▶ **Data supplied**

■ ■ ■ ■ ■

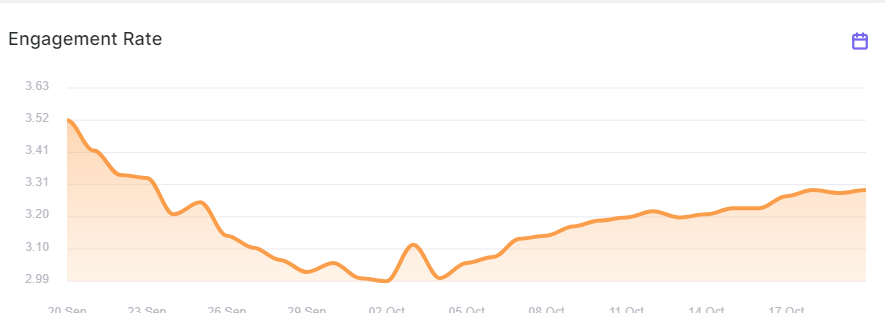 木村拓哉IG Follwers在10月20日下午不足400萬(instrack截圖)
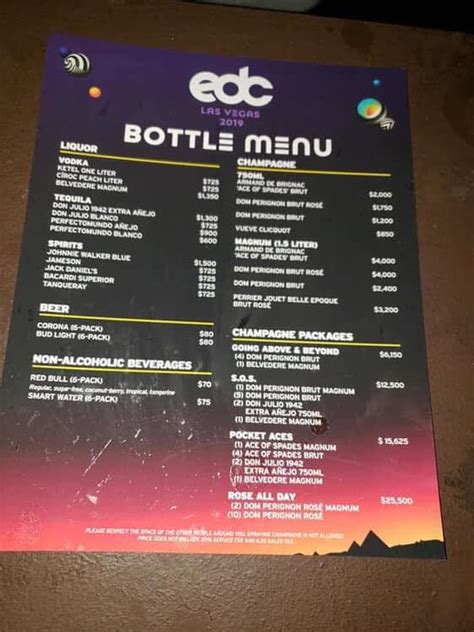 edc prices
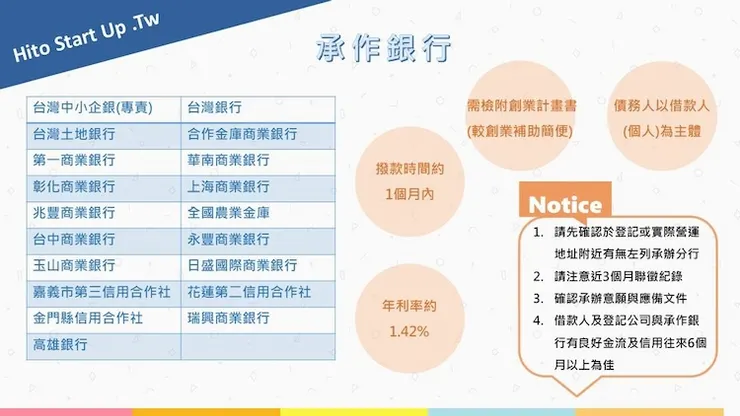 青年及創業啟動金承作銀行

■ ■ ■ ■ ■

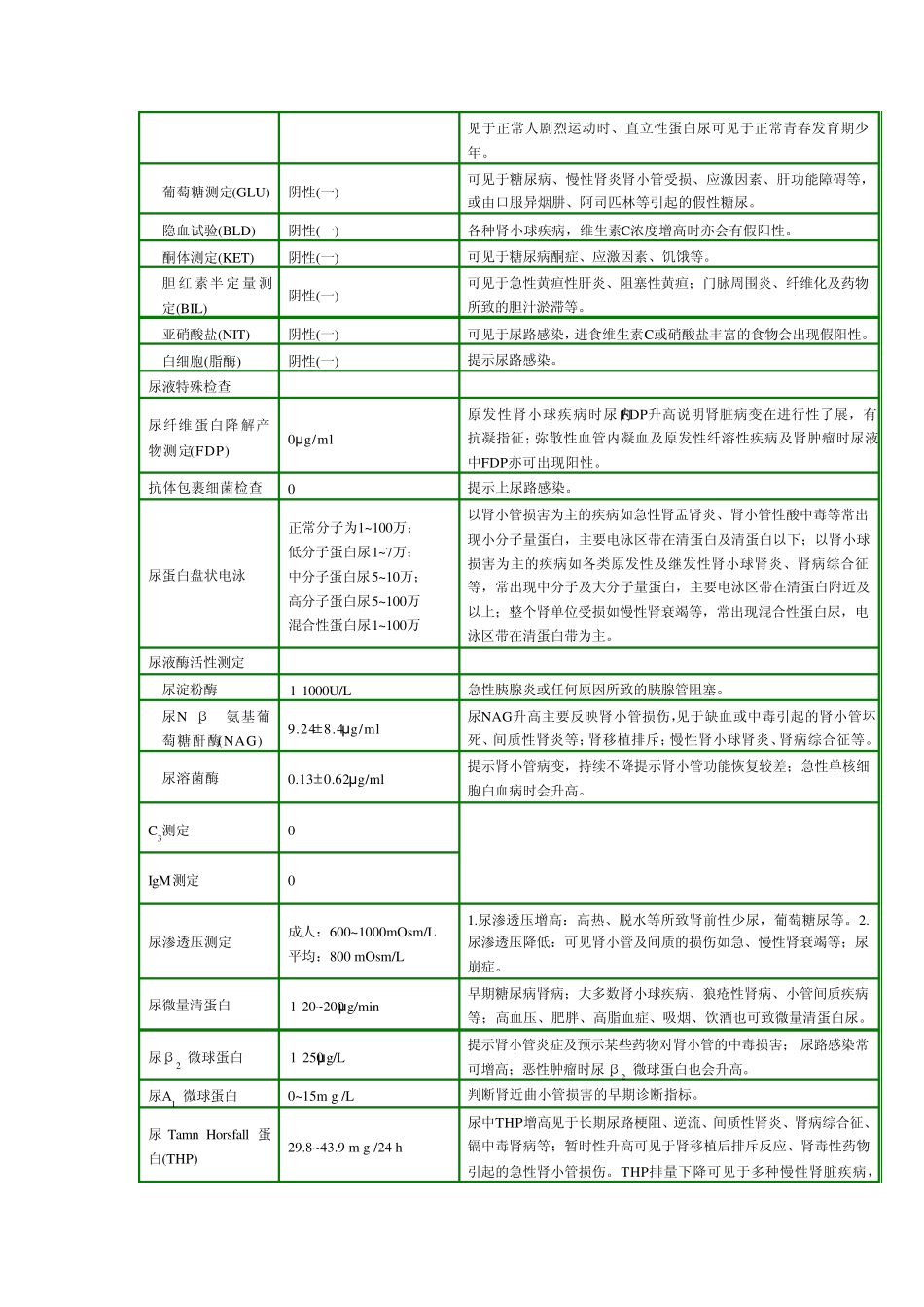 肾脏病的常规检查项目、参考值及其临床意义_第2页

■ ■ ■ ■ ■

When you reach the line containing "木村拓哉IG Follwer" in the entries above, begin restating word for word, and stop once the line containing "青年及創業啟動金承作銀行" has been given. Omit the pictures.

 木村拓哉IG Follwers在10月20日下午不足400萬(instrack截圖)
 edc prices
 青年及創業啟動金承作銀行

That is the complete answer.